Bringing diversity to LAFD force

Copyright 2006 Los Angeles Times
All Rights Reserved 
A Los Angeles police and fire department recruitment event aims to interest more minorities and women in joining their ranks.
Los Angeles Times (California)

Alphonso Russ, 24, is so gung-ho about becoming a Los Angeles firefighter that he showed up Sunday at the police and fire departments' Black History Month Recruitment Exposition and Family Carnival to take yet another recruitment exam, just for practice.

Not only that, but it was the Police Department's test he took — not the Fire Department's — "just to see the variances," he said.

After the test at the Rancho Cienega Sports Center near Baldwin Village, LAPD recruiters were chatting with Russ anyway about opportunities in their department.

Fifty years ago, Russ would have had a different experience if seeking a firefighting career in Los Angeles.

Before 1955, African American firefighters in L.A. served in segregated firehouses, an experience shared by black firefighters in cities across the country for much of the early 20th century. The Los Angeles Stentorians, an organization of black firefighters, was formed in that era to address discrimination.

"With that great history, how can you not be a part of it?" said Russ, a native of South Los Angeles whose parents migrated here from Mississippi.

Rides, booths and police vehicles were spread across a playing field where curious families posed for pictures with a bomb squad robot.

The weekend expo was meant to draw African Americans interested in careers in public safety and law enforcement.

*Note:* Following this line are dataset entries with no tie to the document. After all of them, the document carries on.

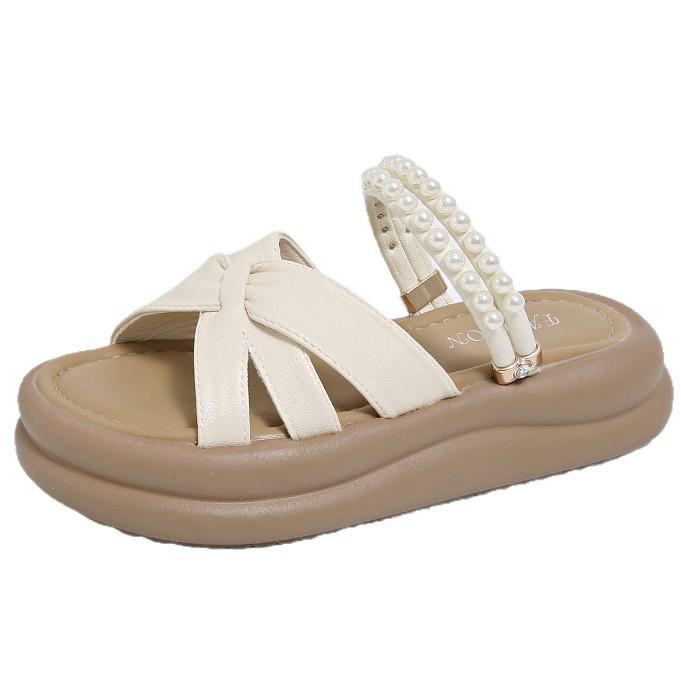 Pantoufles à plateforme muffin pour femmes à porter en été 2025, nouvelles pantoufles féeriques à hauteur, perles, deux façons de porter, plage, un mot, pantoufles cool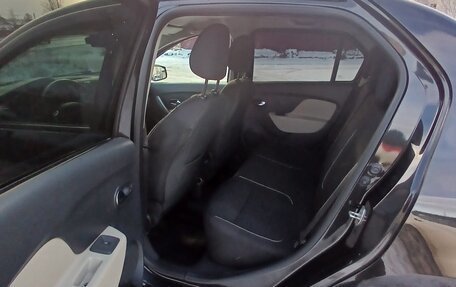 Renault Logan II, 2018 год, 800 000 рублей, 13 фотография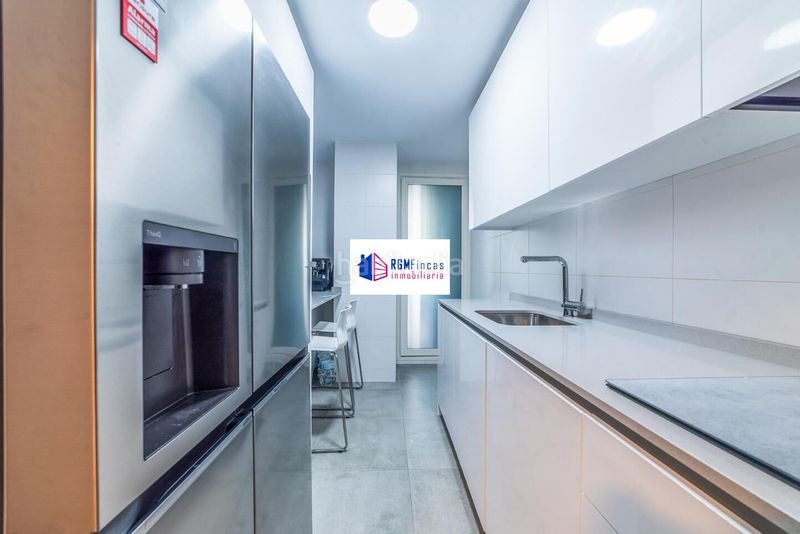 Foto e5e8aff4-a3cf-4b8d-91dc-da0df4caaba4. Etagenwohnung mit heizung parking pool in Torreblanca Sevilla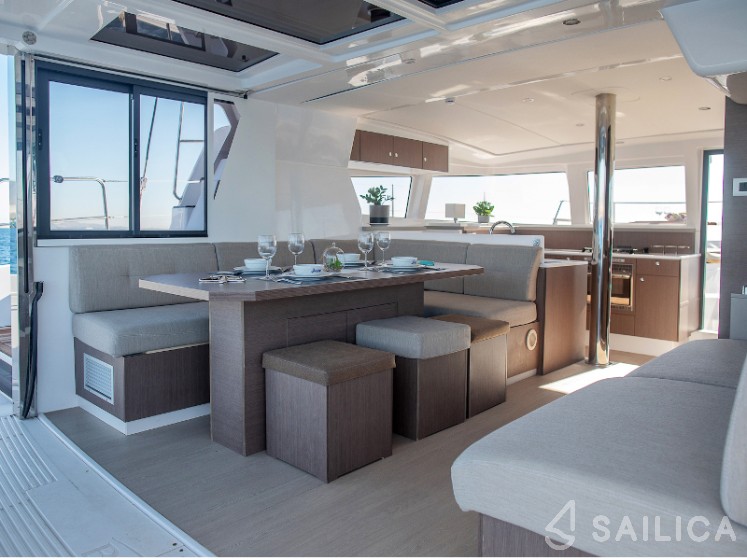 Bali 4.2 - Yacht Charter Sailica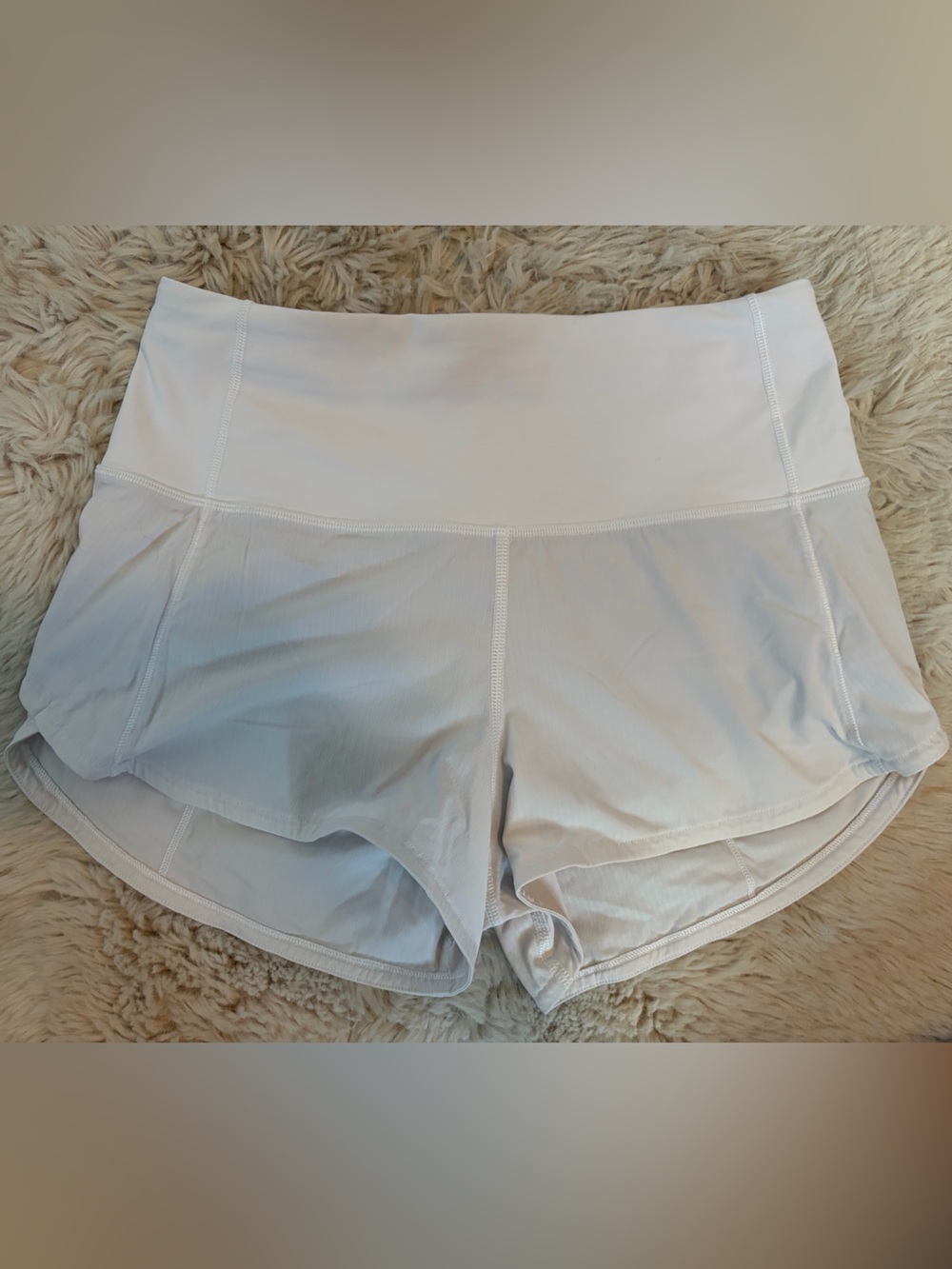 Lululemon Speed Up High-Rise Short 2.5" - white, size 2.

It comes at a time when such agencies are actively seeking to diversify their ranks in terms of race and gender, recruiters said.

"In every nationality, in every race, our upbringing plays a big part in relating to our community and the comfort in speaking to an officer that represents the community," said Officer Michele Howell, who lives in the South L.A. area and attended school there.

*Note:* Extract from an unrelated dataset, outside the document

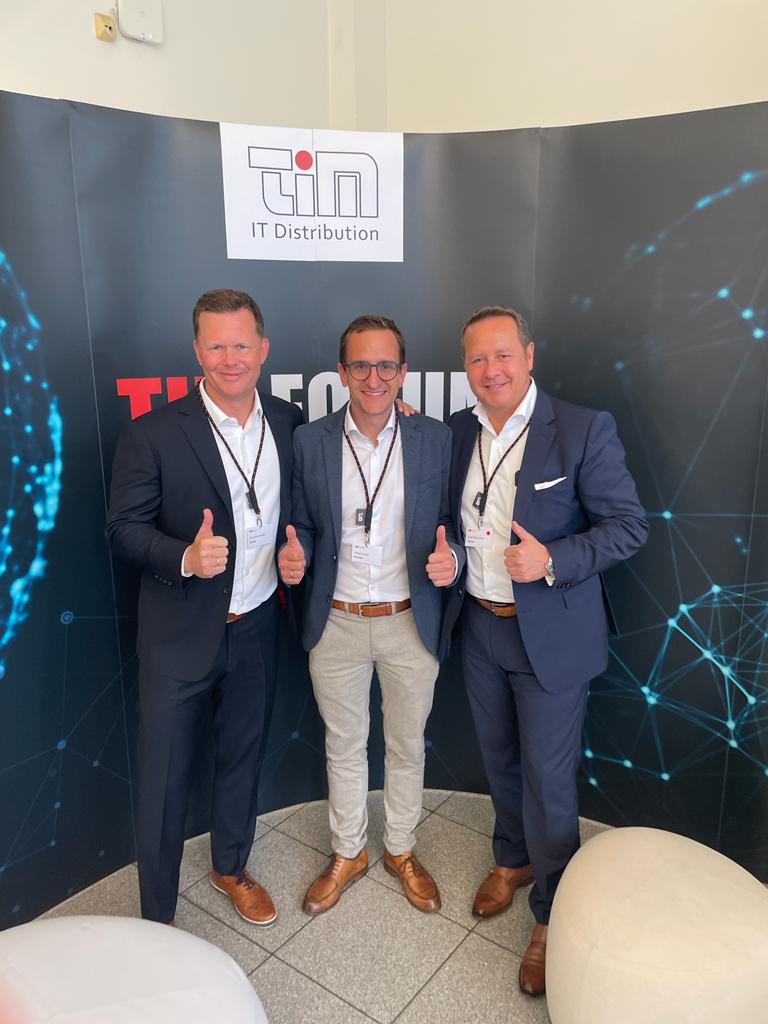 ProLionOfficial's tweet image. We&apos;re thrilled to have been a part of this year&apos;s TIM AG forum. Our CEO, Robert Graf, had the opportunity to shed light on what truly counts in today&apos;s ransomware landscape: safeguarding storage infrastructure. 💪🔒

#TIMAGForum #CybersecurityForum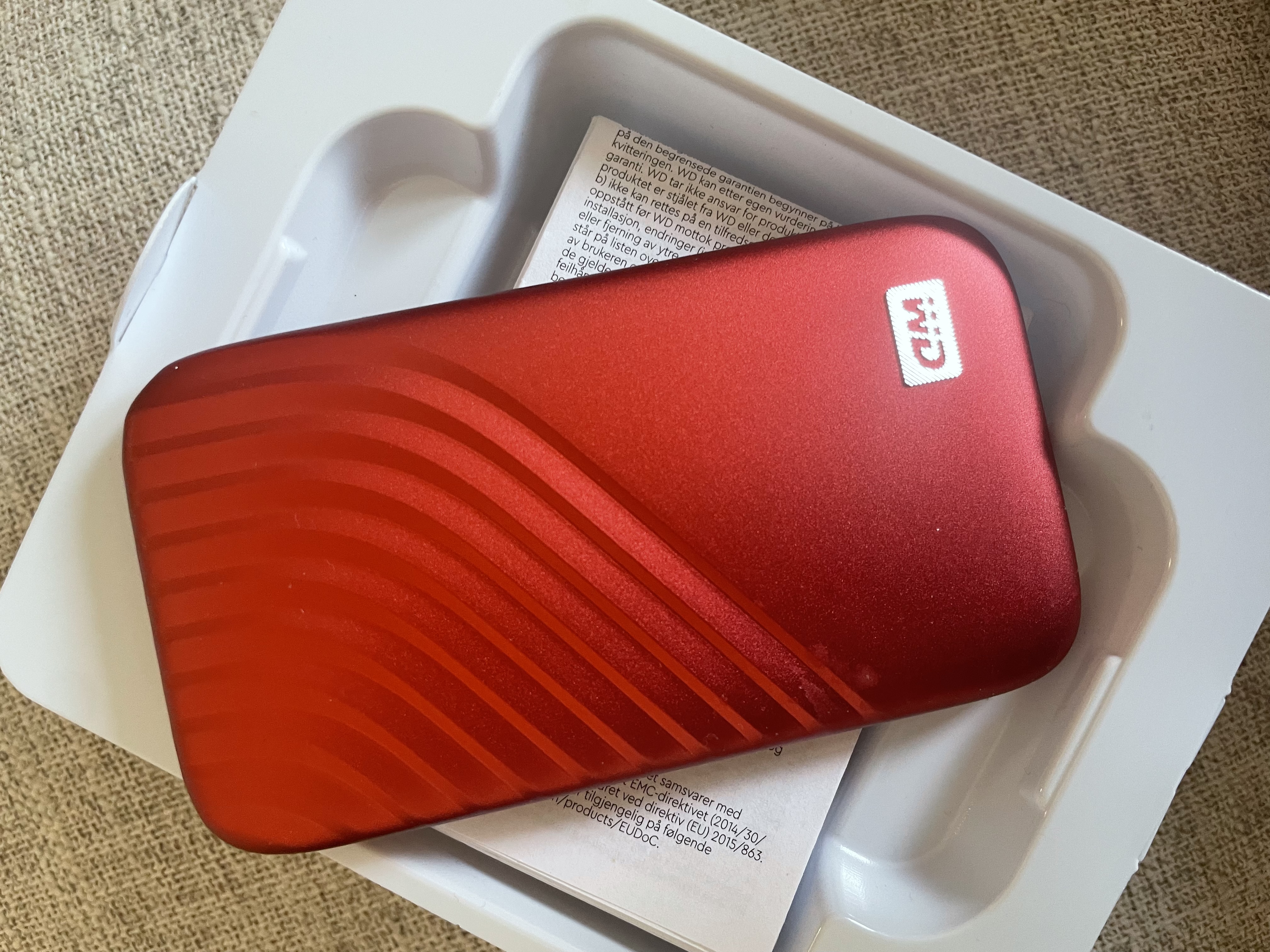 西部数据（WD）1TB NVMe 移动固态硬盘（PSSD）My Passport随行SSD type-c接口 1050MB/s 手机直连笔记本两用外接 实拍图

On Tuesday, the city's Personnel Department is expected to report to the Fire Commission that 11.8% of the Fire Department workforce is African American.

Its rate of black personnel is higher than the state's other big cities when compared with available black workers, the report states.

Russ said he was encouraged by the presence of such groups as the Stentorians, which had a booth at the expo.

The recruit is a recent graduate in fire prevention administration at Cal State L.A. and is working his way through the long, rigorous process of becoming a city firefighter.

With written exams, interviews and an arduous set of physical tests, the process isn't easy, Russ said.

"I think, like in life, it presents its obstacles," he said. "That's what my focus is, to keep pressing on."